Que pensez-vous de cette vague de suicides ?
Il y a toujours eu des suicides de salariés. Ce qui est nouveau, c'est qu'ils se passent désormais sur le lieu de travail et qu'on en parle. Si ces situations dramatiques interrogent bien évidemment le service social du travail, elles posent une question terrible : comment le travail peut-il amener des personnes à mettre fin à leurs jours ?
Quelles sont les conséquences des restructurations d'entreprises sur les salariés ?
Celles-ci entraînent pour certains salariés une perte de repères. Ils sont confrontés brutalement, et souvent sans préparation, à un changement de direction, une réorganisation des services et de nouveaux métiers. Des salariés nous disent : « ce n'est plus la «maison» que nous avons contribuée à construire ». On leur parle désormais d'entreprise, d'établissement et on leur enjoint non plus d'« apporter des services à l'usager », mais de « répondre aux besoins du client ». De même, alors qu'ils étaient habitués à progresser à l'ancienneté, ils doivent passer des entretiens d'évaluation et être jugés au mérite. C'est tout un langage qui change et, avec lui, une culture « maison » qui disparaît. Sans compter qu'à cette angoisse liée à la perte d'éléments identitaires s'ajoute souvent l'incertitude de son devenir au sein de l'entreprise.

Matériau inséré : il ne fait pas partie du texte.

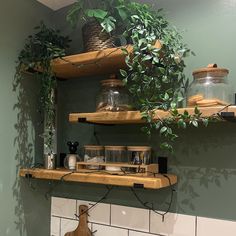 two wooden shelves with plants on them above a sink in a green tiled bathroom area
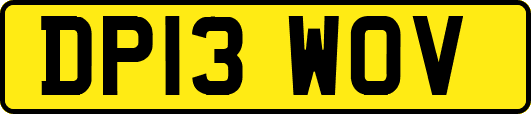 DP13WOV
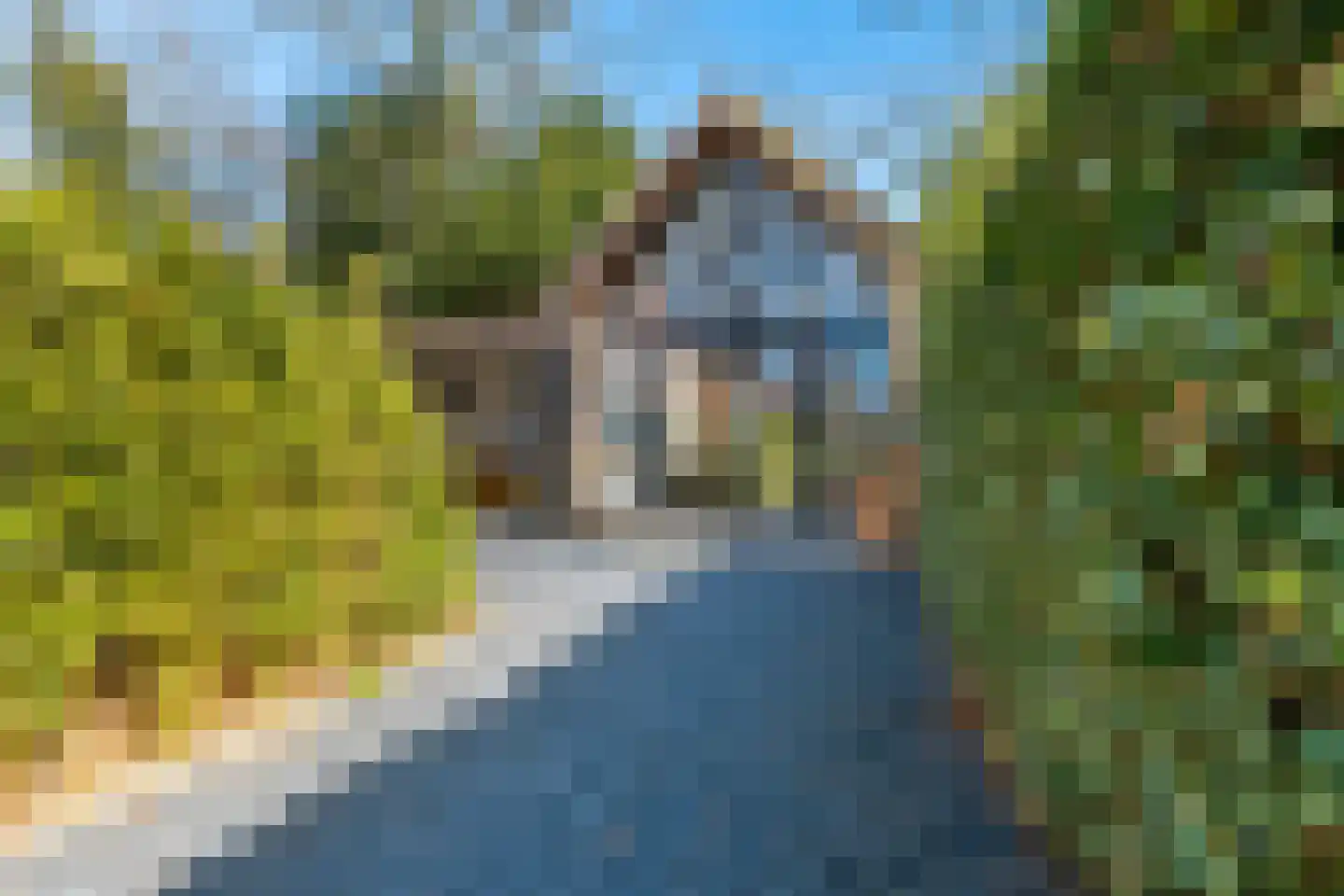 Kerkelaan 19 Bergen (NH) thumbnail 77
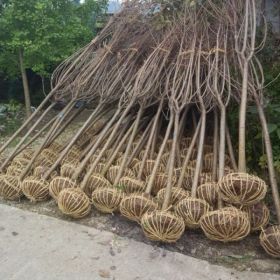 价格合理的四川樱花直销种植户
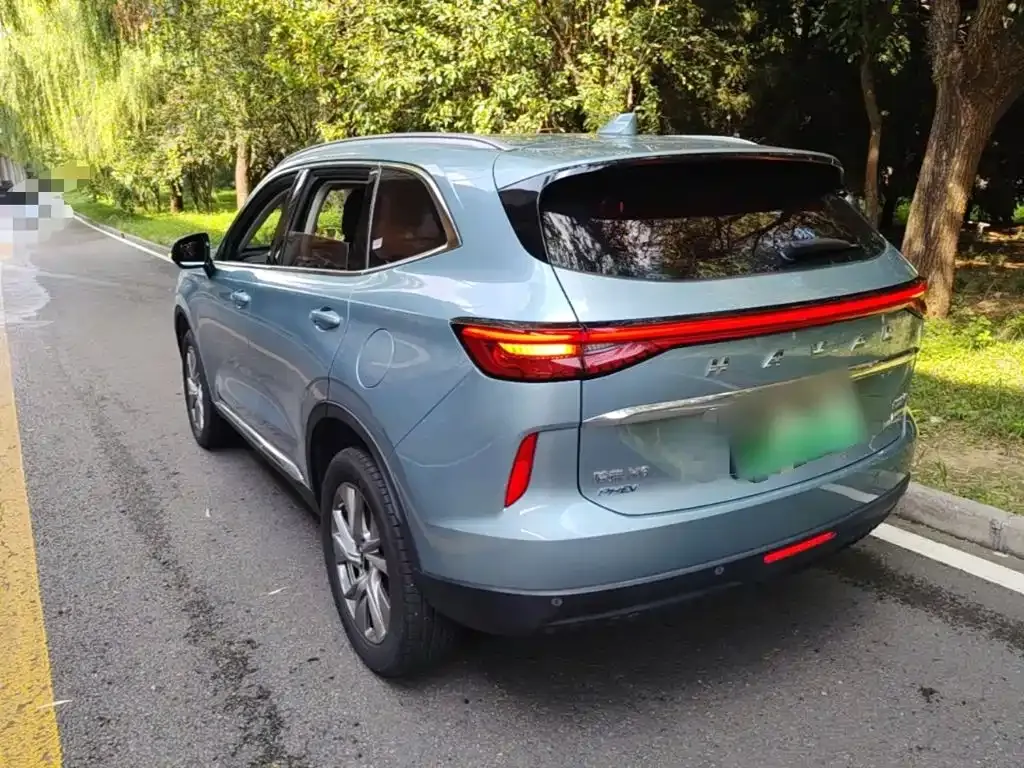 Haval H6 New Energy — фото 4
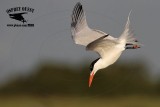 _MG_3316 Royal Tern – sargassum fish.jpg
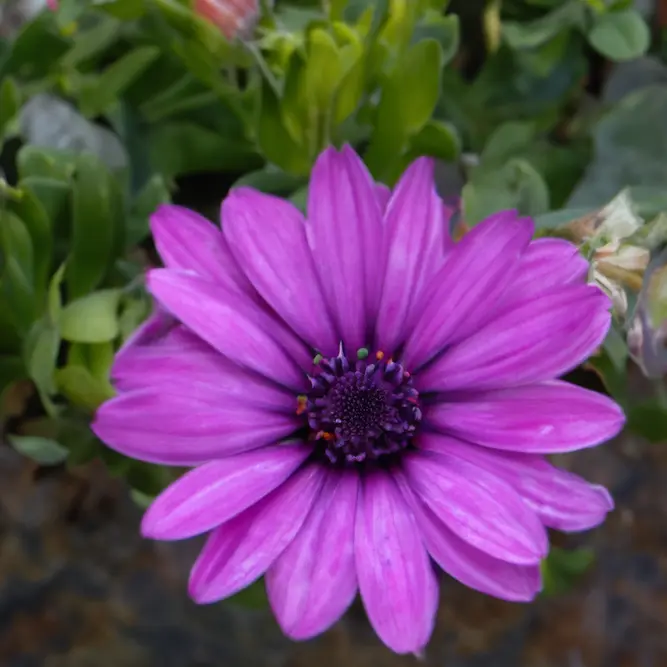 Osteospermum 'Bacia' (Pot Size 10.5cm) - African Daisy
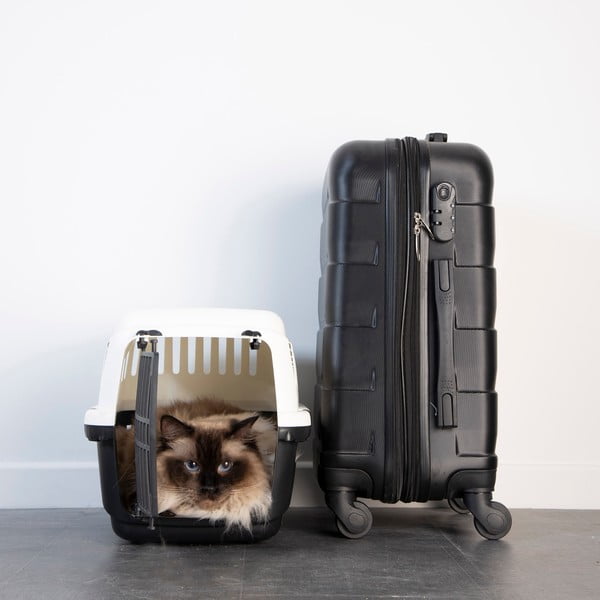 Állathordozó 31x46 cm – Love Story-image-1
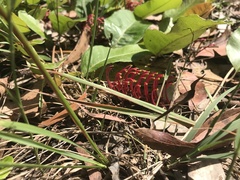 Grevillea laurifolia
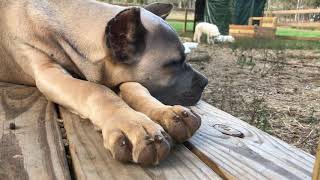 Formentino Cane Corso cat nap [upl. by Tripp3]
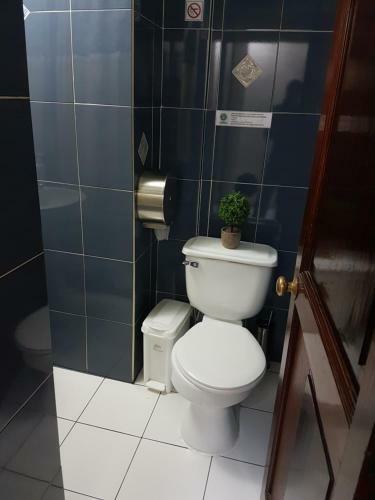 Hotel Hostal Pehuenche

Ces nouvelles méthodes de management, basées sur la rentabilité, peuvent créer un climat délétère entraînant une altération de la santé des salariés : l'individualisation du travail et la responsabilisation accrue à tous les échelons de la hiérarchie engendrent des phénomènes de harcèlement, de violences, de stress, de mal-être.
Le service social du travail est-il associé à ces réorganisations ?
Dans certaines grandes entreprises, il est associé au travail de prévention des risques psychosociaux mené par l'équipe pluridisciplinaire de santé au travail (2). Mais si certains employeurs ont pris conscience de cette dimension, d'autres ont toujours du mal à admettre la souffrance au travail. Dans ce cas, le service social est renvoyé à un rôle plus individuel d'écoute et d'accompagnement des salariés afin de les aider à trouver les ressources personnelles pour gérer leur situation professionnelle. Il a aussi une fonction de médiation, lorsque les personnes ont du mal à parler de leurs difficultés avec le responsable des ressources humaines, en les orientant vers le médecin du travail. Enfin, bon nombre de petites et moyennes entreprises (PME) n'ont malheureusement pas les moyens de créer un service social du travail ou de faire appel à un service interentreprises du travail.
Que demandez-vous ?
Tout d'abord que le service social du travail soit clairement reconnu comme obligatoire pour les entreprises d'au moins 250 salariés. Ce qui implique de lever les ambiguïtés liées à la réécriture du code du travail. Celui-ci dispose qu'« un service social est organisé » dans tout établissement de cette taille, alors que, dans l'ancienne mouture, les établissements « étaient tenus de l'organiser » (3). L'obligation est-elle maintenue ? Par ailleurs, nous demandons que les PME soient incitées à mettre en place un service social du travail mutualisé, et soutenues pour cela. A l'articulation de la vie au travail et hors travail, c'est en effet un acteur incontournable dans la prévention des risques psychosociaux. Son éthique, liée au secret professionnel et à sa déontologie, facilite l'expression libre de la souffrance au travail. Un mal-être vécu individuellement, mais lié, dans de nombreuses situations, à l'organisation du travail ou au management imposé par les objectifs de l'entreprise.
(1) Et conseillère du travail, conseillère technique au service social interentreprises ACTIS à Lyon.
(2) Composée notamment du médecin du travail et de l'infirmière.
(3) L'article L.4631-1 remplace l'ancien article R. 250-1.